--- Task statement ---
Exact copies of the lines below are the goal; any images in them are dropped.

--- Collected material ---
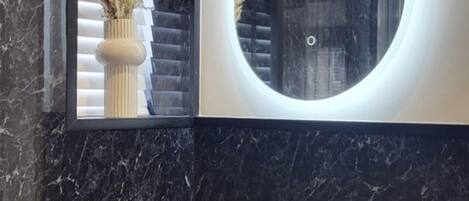 Hair dryer, towels, soap, toilet paper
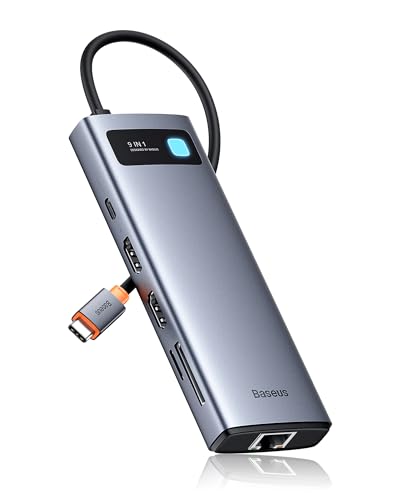 Baseus Docking Station 4K @ 120Hz, Dockingstationen 9 em 1, monitor duplo, 1000 Mbp Ethernet, 100 W PD, TF/SD Kartenleser, 3 USB, adaptador multiport für MacBook/DELL/HP/Surface. /Lenovo und PC Mehr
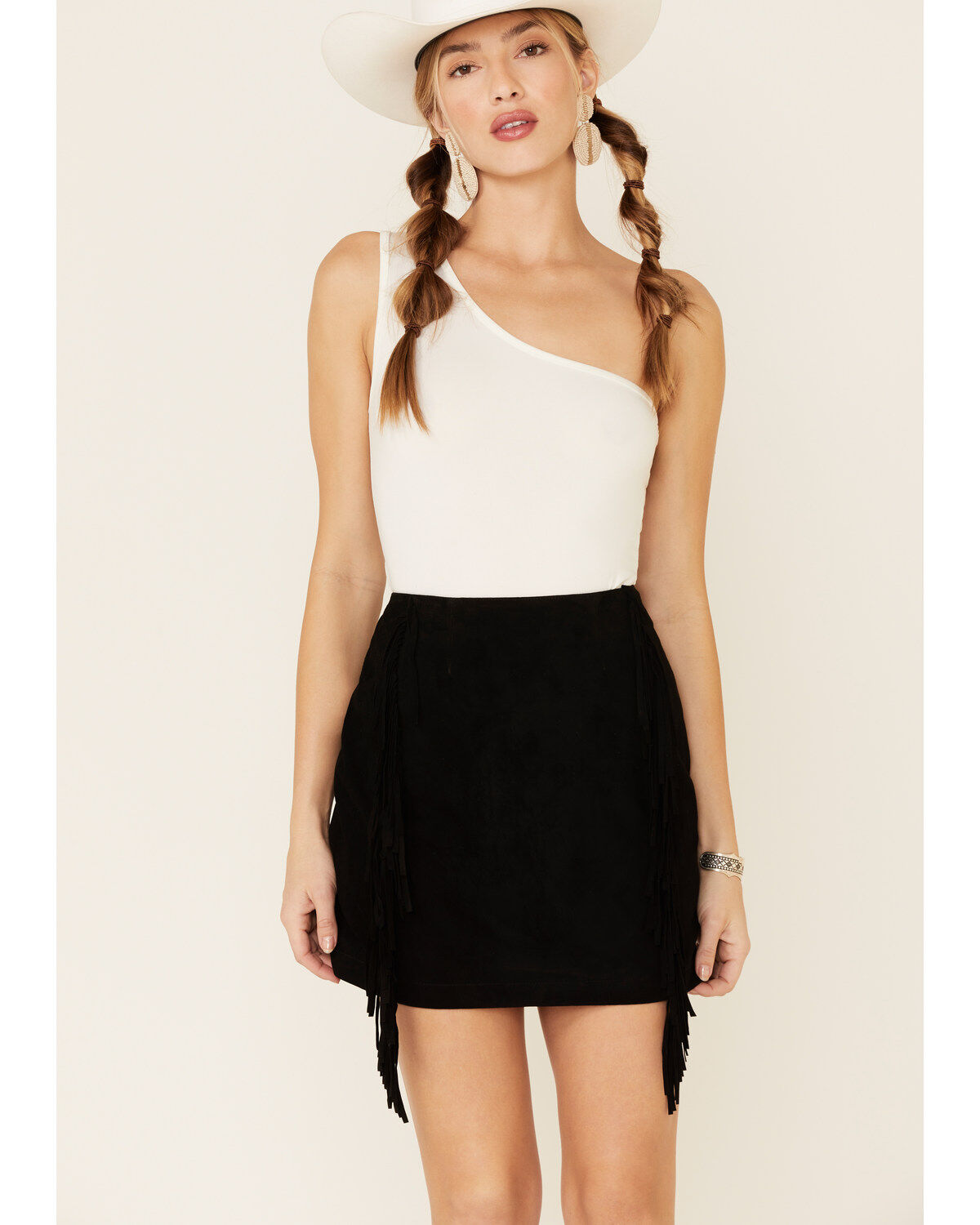 Double D Ranch Women's Gathered Stories Fringe Skirt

--- Task result ---
 Hair dryer, towels, soap, toilet paper
 Baseus Docking Station 4K @ 120Hz, Dockingstationen 9 em 1, monitor duplo, 1000 Mbp Ethernet, 100 W PD, TF/SD Kartenleser, 3 USB, adaptador multiport für MacBook/DELL/HP/Surface. /Lenovo und PC Mehr
 Double D Ranch Women's Gathered Stories Fringe Skirt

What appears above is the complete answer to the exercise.